In an article for Writer’s Digest, Carter Wilson discusses the art of writing unreliable narrators in thriller novels. “The best thrillers are often the ones in which the protagonist is not only fooling the reader, but themselves as well,” he says. “Occasionally the fun is figuring out who to trust, if there’s anyone to trust at all.”

Carter likes unreliable narrators for three reasons:

  • He doesn’t outline. “My stories unfold to me one day at a time, which means my narrator is just as lost as I am,” he says. “I’m writing from my subconscious, which lends itself to a labyrinth of twists and turns, many of which the narrator has created for themselves. Simply put, my narrator is unreliable because the author is unreliable.”
  • Life is unreliable. Carter says that unreliability is honest. “What’s not honest is a hero who can do no wrong, always has the answers, and is always willing to save others before themselves,” he says.
  • The POV is intimate. Writing in a first-person, present-tense POV shows the world through the narrator’s eyes, moment by moment. “This makes writing an unreliable narrator most effective, because the reader experiences the thoughts and actions as the protagonist does, and offers a fractured, almost stream-of-consciousness narration,” Carter explains. “What’s more unreliable in our daily lives than our swirling thoughts, our sudden fears, our whimsical and wholly unattainable daydreaming?”
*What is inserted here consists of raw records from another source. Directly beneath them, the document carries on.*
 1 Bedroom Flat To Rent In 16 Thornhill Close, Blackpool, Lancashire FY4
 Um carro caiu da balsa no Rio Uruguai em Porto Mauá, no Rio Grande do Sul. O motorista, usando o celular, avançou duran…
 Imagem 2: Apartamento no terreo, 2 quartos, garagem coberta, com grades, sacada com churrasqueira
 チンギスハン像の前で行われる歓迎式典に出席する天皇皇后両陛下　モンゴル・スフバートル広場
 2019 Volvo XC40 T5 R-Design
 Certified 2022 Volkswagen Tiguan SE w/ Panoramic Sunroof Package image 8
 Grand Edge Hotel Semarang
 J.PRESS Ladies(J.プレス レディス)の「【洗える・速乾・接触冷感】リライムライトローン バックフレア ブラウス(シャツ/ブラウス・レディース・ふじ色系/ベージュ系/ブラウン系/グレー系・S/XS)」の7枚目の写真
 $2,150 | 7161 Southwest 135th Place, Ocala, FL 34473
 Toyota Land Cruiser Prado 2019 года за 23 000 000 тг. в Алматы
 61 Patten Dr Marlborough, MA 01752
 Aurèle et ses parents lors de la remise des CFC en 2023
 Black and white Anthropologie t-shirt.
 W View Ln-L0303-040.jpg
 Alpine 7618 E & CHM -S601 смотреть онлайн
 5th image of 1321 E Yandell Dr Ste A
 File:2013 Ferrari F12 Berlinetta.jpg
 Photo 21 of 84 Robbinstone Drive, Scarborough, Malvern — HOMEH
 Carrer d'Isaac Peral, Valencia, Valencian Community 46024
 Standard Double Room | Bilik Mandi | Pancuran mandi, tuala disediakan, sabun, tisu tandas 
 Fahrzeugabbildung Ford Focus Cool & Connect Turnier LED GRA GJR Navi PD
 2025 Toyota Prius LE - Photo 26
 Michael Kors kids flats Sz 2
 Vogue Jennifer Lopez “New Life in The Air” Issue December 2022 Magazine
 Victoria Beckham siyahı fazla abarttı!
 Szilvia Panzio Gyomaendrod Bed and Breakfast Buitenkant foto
An unreliable narrator requires the writer to strike a balance between believability and unpleasant surprise. “An unreliable narrator shouldn’t be approached as a literary device; rather, a narrator’s unreliability should be an organic result of who they are and the decisions they make,” Carter says. In fact, Carter believes that writers shouldn’t intentionally set out to write an unreliable narrator. “Rather, the author should pen the novel as it occurs to them from the subconscious, and only after reading the first draft should they themselves realize their protagonist is not to be trusted,” he explains. 

For example, a character may have a faulty memory or incorrect interpretations of past events. She may lie to herself, and therefore lie to the audience. A character may have repressed memories that he can’t share with the reader. However, the writer shouldn’t broadcast a narrator’s unreliability. “Too many times an author hints over and over that their protagonist is not to be trusted, building up an anticipation that’s so great the payoff never quite satisfies,” Carter says. “Rather, the best unreliable narrators are those who never wink at the camera, and when they look into the mirror they’re just as convinced as we are that the person in front of them is telling the truth.”